Lessons from Louisiana

After three weeks of subzero temperatures, Louisiana makes a very welcome change. I'd forgotten what sun felt like! Am sitting here attached to a 25Mbps symmetrical pipe, boostable to anywhere up to a gig - direct into the vein! I am currently in a data exchange which has a carbon toeprint rather than a footprint, is providing cloud computing services over the community fibre network to local businesses, and is housed within a business centre which survived, only just, Katrina ....

The best bit? It was conceived and is run by an amazing, dynamic lady, the building is owned by another female visionary, it includes a Women's Business Centre, the whole focus is on economic development, and the replicability of this set-up would be simple. Even in the UK. The only reason we can't do it is that the places where this set up is most needed are those places where there is currently insufficient infrastructure to do so.

What should we be doing? Well, firstly, the sooner we resolve the cost issues of backhaul in all areas of UK, rural and urban, the better. The UK Government should spend the first tranche of money from the rural Broadband pot putting in new open fibre, owned by the community networks it has constantly supported in words (DBR, Caio etc) if not in action. It should be a co-operative, not for profit venture, so that from now far into the future, every single person, business and community in the UK has a CHOICE about who to buy backhaul from, and the telcos and incumbents are finally faced with true competition. Yes, the government will say they cannot go directly in competition with the telcos, but there are ways round all of these arguments about anti-competition, as other nations have discovered (EU included). Think Amsterdam, Vasteras, Korea etc etc. Think about who wins and why that in itself makes it essential....

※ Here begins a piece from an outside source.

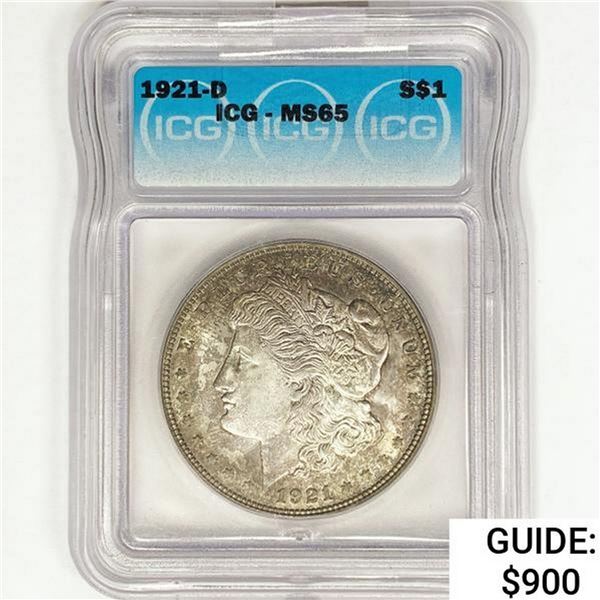 1921-D Morgan Silver Dollar ICG MS65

The telcos need to face up to the fact that competition is going to happen. I have in front of me the figures for building a middle mile network in the UK as a co-operative venture, and these figures have been created by a group of fibre legends, and are based on sound and known principles and costs. It isn't actually as expensive as I had thought it would be, and there are undoubtedly investors out there who want to take BT et al on at their own game and take Britain into the 21st century and beyond.

This would level the playing field and bring the data transit costs down to their real value, (cost plus) level, rather than over-inflated corporate greed-need levels. It would boost usage and access to the core network in a way that no other action can. It would immediately encourage innovation and therefore help to stimulate the economy, create new jobs, and support diversification, especially in rural areas. That co-operative needs to be started and run by members of the communities who are already up and running, and then as more communities create their own networks, they too can join the co-op. There should be no telco interest, or equipment supplier interest within that co-op, just consumers and communities, who by the very own end-user self-interest will ensure that the co-op is run for the benefit of all.

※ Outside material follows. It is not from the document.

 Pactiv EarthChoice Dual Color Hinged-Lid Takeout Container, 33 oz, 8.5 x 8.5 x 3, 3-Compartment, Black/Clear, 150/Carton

I suggest it may well, and should definitely, happen in the UK soon too. If anyone has some spare cash in the bank and wants to be involved, or you are a community network in desperate need of affordable backhaul, please do get in touch.

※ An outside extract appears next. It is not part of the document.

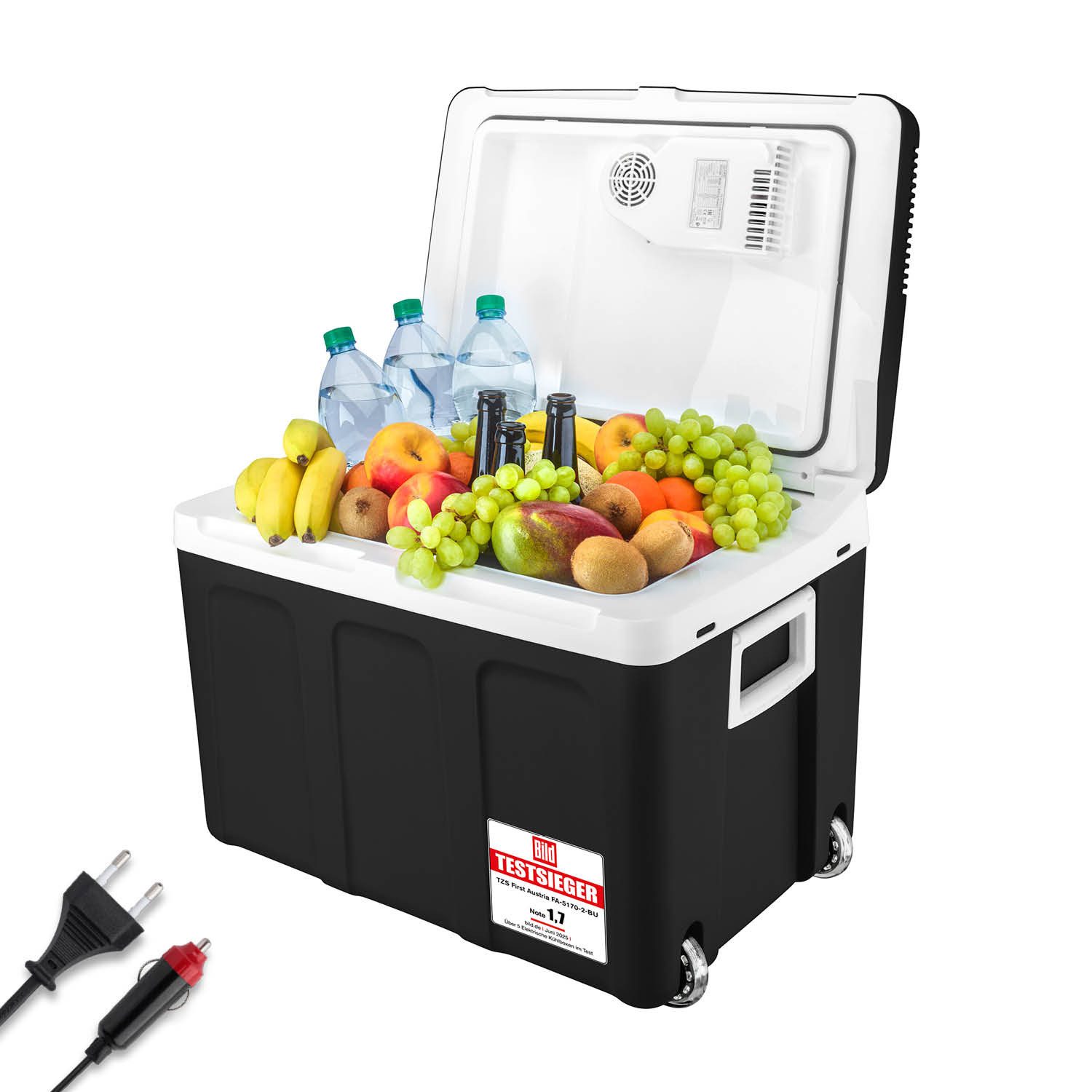 TZS FIRST AUSTRIA Elektrische Kühlbox Mobil Kühlschrank 45L, 12V /230V Anschluss, 12-V-Stecker fürs Auto, für Camping, Festivals, Reisen, mit Kühl- und Warmhalt – Bild 2 von 5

More from the USA soon - I now have 40+ pages of notes and my head is reeling with facts, figures, ideas and information from the amazing people who I have met and who have been generous and forthcoming in the extreme with their contributions to the discussions and answers to my seemingly never-ending stream of fibre questions. Many of these people are very well-known within our sphere and I am honoured to be invited and welcomed into their world. Thank you all. You know who you are!!



2 comments:

Cyberdoyle said...

bloody brilliant. About time too, looking forward to part 2. Its raining here, could do with some good news...

GuyJ said...

Well American involvement, support and investment made all the difference to the UK in 1942. Perhaps we will see more of the same for FttH in 2010...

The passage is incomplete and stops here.